> [Work to be completed]:
In the records below, find the line that contains "Rivets Decorate Lockable" and the line that contains "Charlotte Russe Off"; write out exactly those two lines and everything between them, without the pictures.

> [Dataset excerpts]:
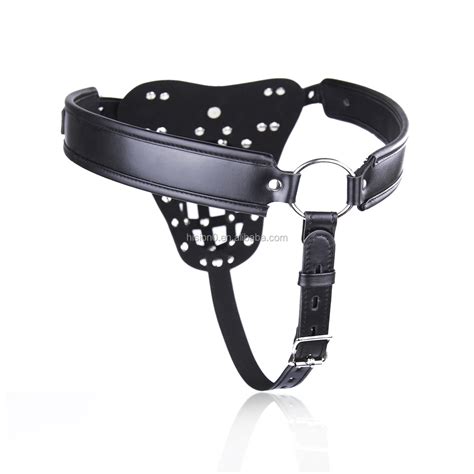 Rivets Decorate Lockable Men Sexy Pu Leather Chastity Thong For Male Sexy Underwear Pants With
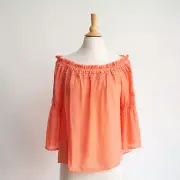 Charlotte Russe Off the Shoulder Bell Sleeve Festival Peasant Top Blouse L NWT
* * *
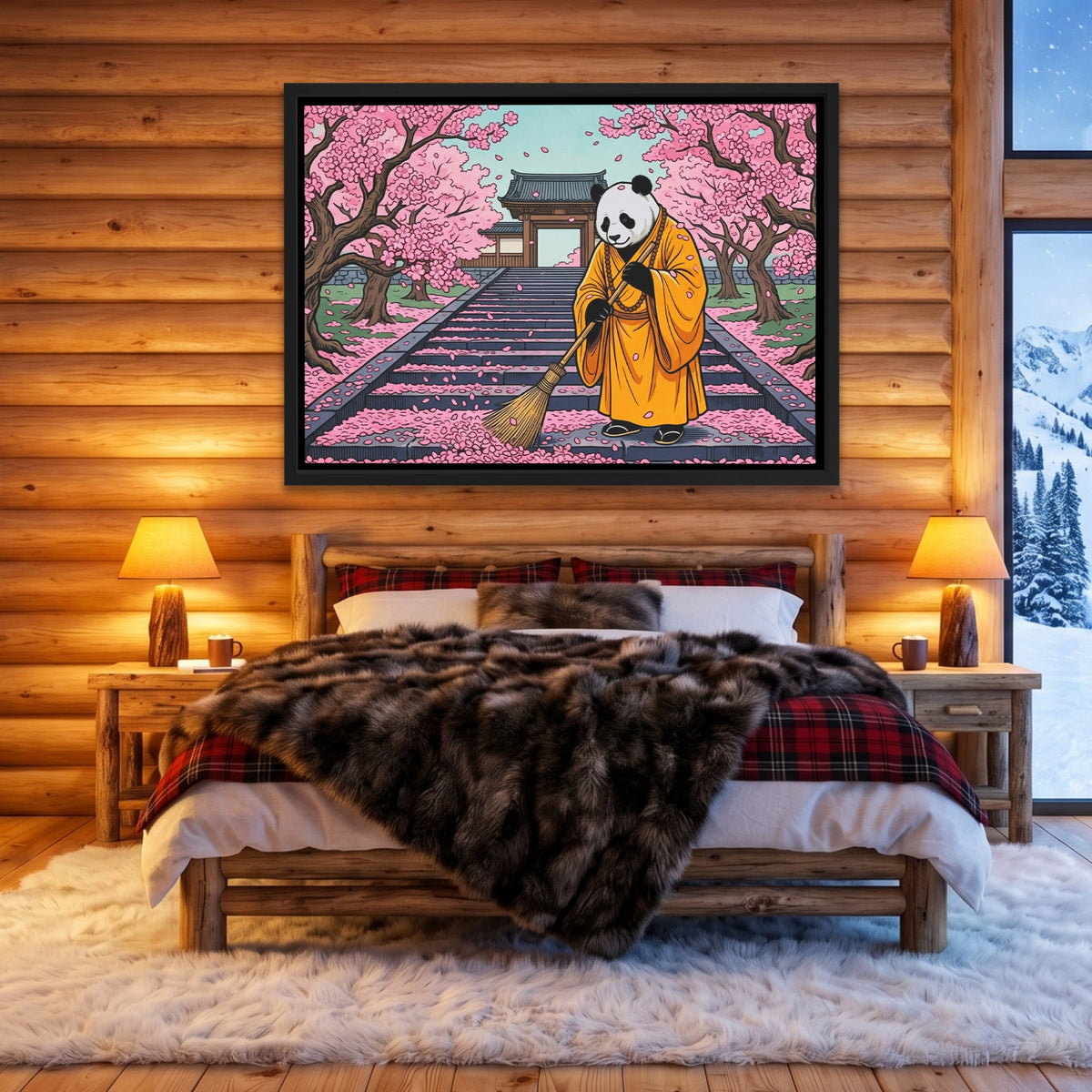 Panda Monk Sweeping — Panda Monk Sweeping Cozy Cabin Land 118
--
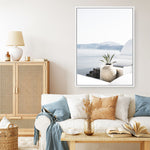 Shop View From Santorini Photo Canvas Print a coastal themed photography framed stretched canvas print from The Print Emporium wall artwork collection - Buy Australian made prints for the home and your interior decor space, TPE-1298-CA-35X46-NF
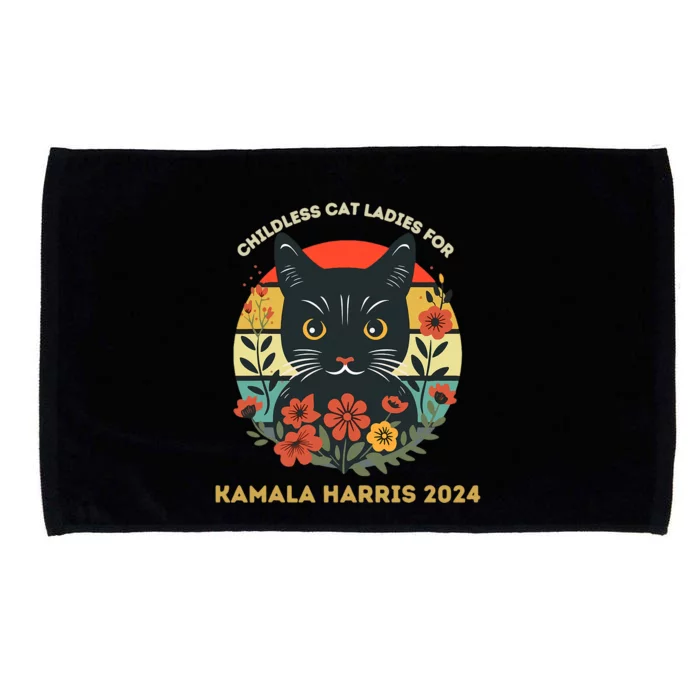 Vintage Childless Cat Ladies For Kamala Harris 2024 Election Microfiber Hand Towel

> [Answer space]:
 Rivets Decorate Lockable Men Sexy Pu Leather Chastity Thong For Male Sexy Underwear Pants With
 Charlotte Russe Off the Shoulder Bell Sleeve Festival Peasant Top Blouse L NWT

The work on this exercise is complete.